Recently, deep learning (DL) has emerged as a means for improving accelerated MRI reconstruction. However, most current DL-MRI approaches depend on the availability of ground truth data, which is generally infeasible or impractical to acquire due to various constraints such as organ motion. In this work, we tackle this issue by proposing a physics-based self-supervised DL approach, where we split acquired measurements into two sets. The first one is used for data consistency while training the network, while the second is used to define the loss. The proposed technique enables training of high-quality DL-MRI reconstruction without fully-sampled data.

Introduction

Deep learning (DL) approaches have been proposed to improve MRI reconstruction1,2, especially using physics-based approaches that unroll an optimization algorithm incorporating the known encoding operator. These physics-based DL-MRI approaches are typically trained in a supervised manner by minimizing a loss with available ground-truth data2-5. However, in many scenarios fully-sampled acquisitions are challenging due to constraints such as organ motion, signal decay, or impractical due to long scan times. Thus, absence of fully-sampled data poses a challenge for practical translation of DL-MRI reconstruction approaches.

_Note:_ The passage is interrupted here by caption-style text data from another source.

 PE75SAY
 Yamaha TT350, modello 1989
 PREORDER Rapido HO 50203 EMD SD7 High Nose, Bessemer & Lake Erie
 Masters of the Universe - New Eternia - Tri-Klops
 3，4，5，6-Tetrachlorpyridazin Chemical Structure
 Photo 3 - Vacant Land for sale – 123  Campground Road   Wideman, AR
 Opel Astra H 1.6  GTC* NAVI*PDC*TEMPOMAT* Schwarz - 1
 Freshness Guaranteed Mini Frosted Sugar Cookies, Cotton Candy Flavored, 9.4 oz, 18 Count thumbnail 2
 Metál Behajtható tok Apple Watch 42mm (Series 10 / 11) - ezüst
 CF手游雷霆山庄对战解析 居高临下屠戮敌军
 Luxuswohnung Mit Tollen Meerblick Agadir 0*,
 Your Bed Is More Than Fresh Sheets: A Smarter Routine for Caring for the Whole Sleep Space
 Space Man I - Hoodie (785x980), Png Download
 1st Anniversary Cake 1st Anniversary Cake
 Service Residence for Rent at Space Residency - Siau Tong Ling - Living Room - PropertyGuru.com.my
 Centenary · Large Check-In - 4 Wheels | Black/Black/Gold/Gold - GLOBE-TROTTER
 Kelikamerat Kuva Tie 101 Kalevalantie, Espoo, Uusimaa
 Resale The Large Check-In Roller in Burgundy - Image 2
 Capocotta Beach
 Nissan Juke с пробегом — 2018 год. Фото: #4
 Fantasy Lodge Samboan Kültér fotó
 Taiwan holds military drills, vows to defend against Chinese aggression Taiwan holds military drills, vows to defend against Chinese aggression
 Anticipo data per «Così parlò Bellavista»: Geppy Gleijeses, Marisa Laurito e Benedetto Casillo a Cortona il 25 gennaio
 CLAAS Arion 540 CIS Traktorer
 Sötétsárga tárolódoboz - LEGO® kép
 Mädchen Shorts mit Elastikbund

In this work, we propose a self-supervised approach for accelerated physics-based DL-MRI reconstruction in the absence of fully-sampled data. We apply the proposed self-supervised approach on retrospectively sub-sampled knee datasets and prospectively sub-sampled brain datasets, showing it is able to successfully reconstruct images at high acceleration rates.

Theory

MRI reconstruction from under-sampled data solves the objective function
$$(1)\quad \arg \min_{\bf x} \|\mathbf{y}_{\Omega}-\mathbf{E}_{\Omega}\mathbf{x}\|^2_2 + \cal{R}(\mathbf{x})$$
where x is the image of interest, $$$\mathbf{y}_{\Omega}$$$ is the acquired measurements with sub-sampling pattern $$$\Omega$$$ , E is the encoding matrix including coil sensitivities and Fourier sub-sampling, $$$\|\mathbf{y}_{\Omega}-\mathbf{E}_{\Omega}\mathbf{x}\|^2_2$$$ enforces data consistency (DC) and $$$\cal{R}(.)$$$ is a regularizer. This optimization problem is typically solved in an iterative manner, for instance using quadratic relaxation3,6,7
$$(2) \quad \mathbf{z}^{(i-1)} = \arg \min_{\bf z}\mu \lVert\mathbf{x}^{(i-1)}-\mathbf{z}\rVert_{2}^2 +\cal{R}(\mathbf{z}) \\ (3) \quad \mathbf{x}^{(i)} = \arg \min_{\bf x}\|\mathbf{y}_{\Omega}-\mathbf{E}_{\Omega}\mathbf{x}\|^2_2 +\mu\lVert\mathbf{x}-\mathbf{z}^{(i-1)}\rVert_{2}^2$$where z(i) is an intermediate variable, x(i) is the output at iteration $$$i$$$ and $$$\mu$$$ is the quadratic penalty parameter. In DL-MRI, this iterative algorithm is unrolled for fixed number of iterations, alternating between (2) and (3). An artificial-neural network (ANN) is used to implicitly solve (2) (Fig. 1). Supervised DL-MRI approaches perform end-to-end training by minimizing
$$(4) \quad \min_{\bf \theta} \frac1N \sum_{i=1}^{N} \mathcal{L}( {\bf x}_{\textrm{ref}}^i, \: f({\bf y}_{\Omega}^i, {\bf E}_{\Omega}^i; {\bf \theta}))$$where $$$\mathbf{x}_{ref}^i$$$ is ground-truth SENSE-1 image of the $$$i^{th}$$$ subject in the database, $$$f({\bf y}_{\Omega}^i, {\bf E}_{\Omega}^i; {\bf{ \theta}})$$$ denotes network output with parameters $$$\bf {\theta}$$$ for the $$$i^{th}$$$ subject, N is number of datasets in the database,and $$$\mathcal{L}(.,.)$$$ is training loss.
In our proposed approach, where fully-sampled training data is not available, we first split the data at locations $$$\Omega$$$ into two subsets:
$$(5)\quad \Omega = \Theta \cup \Lambda$$
and use the data at locations $$$\Theta$$$ for DC in the unrolled network in (3), and $$$\Lambda$$$ to define the network loss in k-space. Hence, we minimize
$$(6)\quad \min_{\bf \theta} \frac1N \sum_{i=1}^{N} \mathcal{L}\Big({\bf y}_{\Lambda}^i, \: {\bf E}_{\Lambda}^i \big(f({\bf y}_{\Theta}^i, {\bf E}_{\Theta}^i; {\bf \theta}) \big) \Big)$$

In this study, we set $$$\Theta=\Omega / \Lambda$$$. $$$\Lambda$$$ is chosen based on a variable-density Gaussian distribution. Note since $$$\Lambda$$$ has no physical constraints, it can be selected as any subset of $$$\Omega$$$ in k-space (Fig. 2).

Methods

Coronal proton density with and without fat-suppression were obtained from the NYU-fastMRI database8. Additionally, 3D MPRAGE brain MRI was acquired at 3T on ten subjects with IRB approval and written informed consent. Relevant imaging parameters: resolution=0.7×0.7×0.7mm3, FOV=224×224×179mm3, ACS lines=40, number coils=32, prospective acceleration(R)=2.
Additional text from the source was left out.